A meu ver, ele chora não apenas pelo tremor que sacudiu o solo, mas pelas rachaduras invisíveis que atravessam o mundo — aquelas que dividem, ferem e nos distanciam de nós mesmos. Seu choro ecoa o silêncio que mantemos diante de tanto caos.

“Furacões e terremotos” metafóricos abalam as fundações de nossa sociedade, forçando-nos a encarar questões profundas sobre a condição humana e nossa resposta coletiva às crises. A magnitude dos desafios nos coloca em um estado constante de alerta e incerteza.

Há uma escalada de tensões na Faixa de Gaza, com confrontos entre Israel e grupos como o Hamas e o Hezbollah, resultando em vidas perdidas e o deslocamento de civis. Desastres naturais — terremotos, incêndios florestais — devastam comunidades inteiras, agravados pelas mudanças climáticas. Refugiados e migrantes fogem de conflitos, perseguições e catástrofes naturais, enfrentando condições extremas e barreiras na busca por segurança.

A ascensão da extrema-direita, marcada pelo avanço de ideologias nacionalistas e autoritárias em várias partes do mundo, incluindo nas últimas eleições no Brasil, também nos desafia.
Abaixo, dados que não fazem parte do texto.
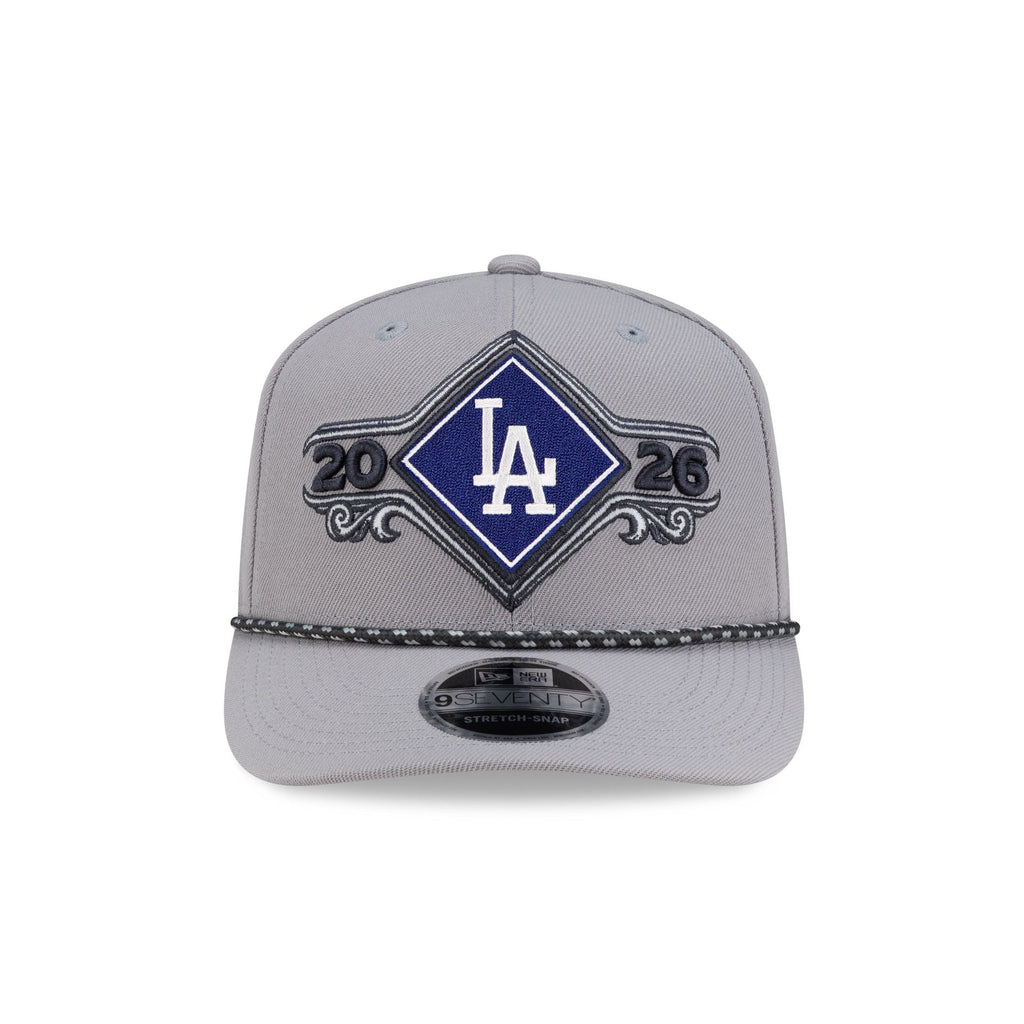 Los Angeles Dodgers 2026 NLDS Champions Locker Room 9SEVENTY Stretch-Snap Hat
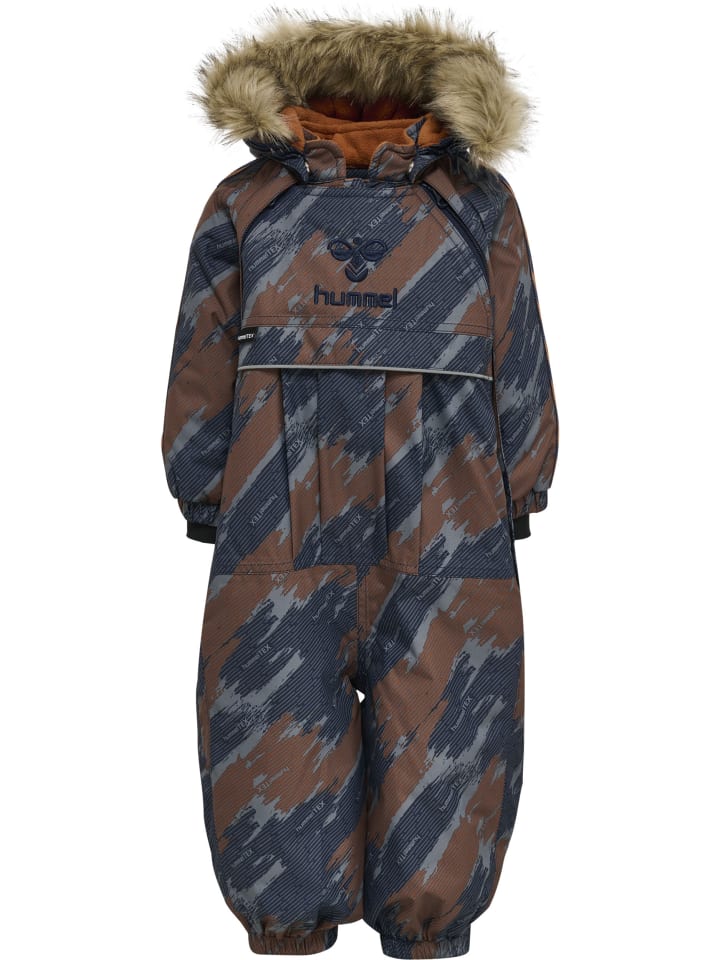 Hummel Hummel Verstellbare Taille Schneeanzug Hmlmoon Kinder in BLACK IRIS günstig kaufen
E, ainda, a contínua luta contra o vírus da Covid-19, seus impactos na saúde global e as disparidades no acesso a vacinas.

Essas tragédias, embora distintas, estão conectadas por um fio condutor de sofrimento e tumulto global.

Enquanto o mundo estremece sob nossos pés, o céu parece mais distante do que nunca. Bilionários flutuam em cápsulas prateadas, capturando selfies do espaço, e, aqui em baixo, o fogo devora as florestas, as cidades tremem e o desespero se torna o ritmo cotidiano. Uma “fuga para além da estratosfera”, enquanto a Terra arde, literal e metaforicamente.

Apesar de tudo, quero acreditar que a arte oferece uma saída. E, quando o choro de um cientista nos lembra de nossa vulnerabilidade, é nas salas de cinema, nos teatros, nas exposições e nos concertos que encontramos consolo. A arte, de certa forma, também chora conosco, mas nos convida a olhar para além do caos, a refletir sobre o que significa ser humano neste mundo em chamas.

Esses espaços culturais são abrigos onde podemos nos sentar, olhar para dentro e nos perguntar: quem somos diante de tudo isso? Cada dança, cada filme é um convite a refletir, a sentir, a lembrar que, mesmo quando o mundo parece ruir, existe uma alma viva que não se quebra.

A arte e a cultura não são apenas um "escape", mas ferramentas de reflexão sobre o mundo. A experiência proporcionada por uma peça de teatro, um filme ou uma exposição nos ajuda a entender melhor o momento que vivemos e até mesmo a vislumbrar soluções ou formas de resistência. Esses espaços culturais são faróis, guiando-nos em meio à tempestade.

A arte pode ser esse “bunker” onde as pessoas se conectam com emoções e realidades, encontrando sentido em meio ao caos.